MonkeySpank wrote:Exalted Wombat wrote:Be very careful with "it will never be possible..." statements.
"Any sufficiently advanced technology is indistinguishable from magic." 
Correct. CEDAR Audio already produces audio restoration processors that do an astonishing job of de-noising and de-popping old recordings. And if Melodyne can make a plugin that can separate individual notes from a chord, and Photoshop can offer a plugin to de-blur a photo, then everything 
will possible some day. 
 
There are such  things as physical limits. The best audio restoration processors do a great job within the limits of what is possible.
  Any fool can use Photoshop to deliberately blur an already sharp photo. But you cannot "deblur" a photo because you cannot "uncover" photographic detail that was never captured in the first place.
Example: the 1969 Apollo moonwalk videos. For the 40th anniversary in 2009 NASA wanted to present  much clearer vision for the public than the low quality stuff we had always been used to seeing. The only way to greatly improve the vision quality was to find the 1" "slow scan" data tapes  which had much more picture information on them than the low quality kinescope stuff re-recorded off TV monitors at the time. Well they  couldnt find the data tapes. Maybe one day they will find them. Then and only then will we see significantly better moonwalk video images.
Now, an example where it did work. Why does the "restoration" of the 1939 (I think) " Wizard of Oz" look so (relatively) good compared to earlier jobs? Because the original 3 strip black-and-white Technicolor negatives survived. Where software came in was in accurately aligning the three separate images to one another - registration - restoring them to one sharp and clear colour image. That had not been possible previously. But someone had had the foresight to see that one day it might be possible to accurately align them and so they had carefully preserved the separate negatives all those years.
The difference was that the basic information had been preserved. Without that you can do nothing. But with it, yes great things are at least possible.

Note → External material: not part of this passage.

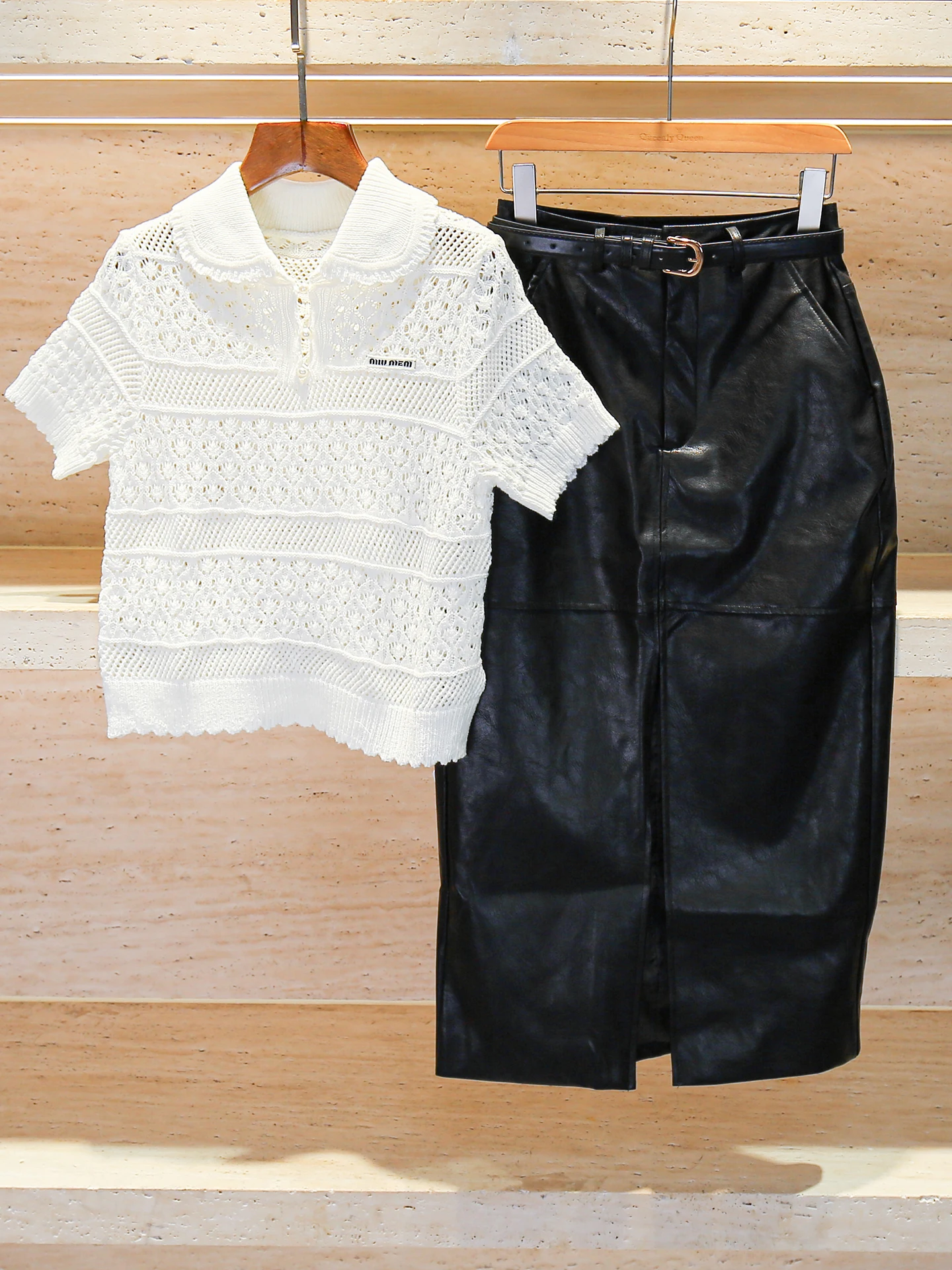 High-End Women's Summer Knitted Hollow out T-irt Top with f Skirt Set Polyester Fiber ort Sve Turn-down Collar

Another; Why do some old US TV shows look so good on DVD re releases today? Why do they look actually better than what we remember them looking like back in the 60's when some of us first saw them?
A combination of factors. The shows were originally shot on 35mm film stock which has been kept and preserved. Even the original camera negatives were kept, rather than just copies. The original magnetic audio tapes had also been kept. 35mm film at the time had much greater resolution than broadcast TV at the time. Much better electronic film scanning hardware is available today than back then. Much better consumer release formats, like DVD and Blu ray are available today. Higher resolution TV monitors are available today. 
All of those things combined mean potentially great picture and sound today for the consumer. Not some piece of "magic" software on its own. The software always has to have something to work with. The quality has to be there in the first place.
Sadly, there is a view today that we can "restore" elements of an audio or visual recording that were never there in the first place. A sort of "garbage in, perfection out" mentality.
Then there's the equally false assertion that by strengthening the already strongest link in the audio or visual chain, you are somehow strengthening the weakest link in that chain. But the chain is only as strong as its weakest link, whatever that may be.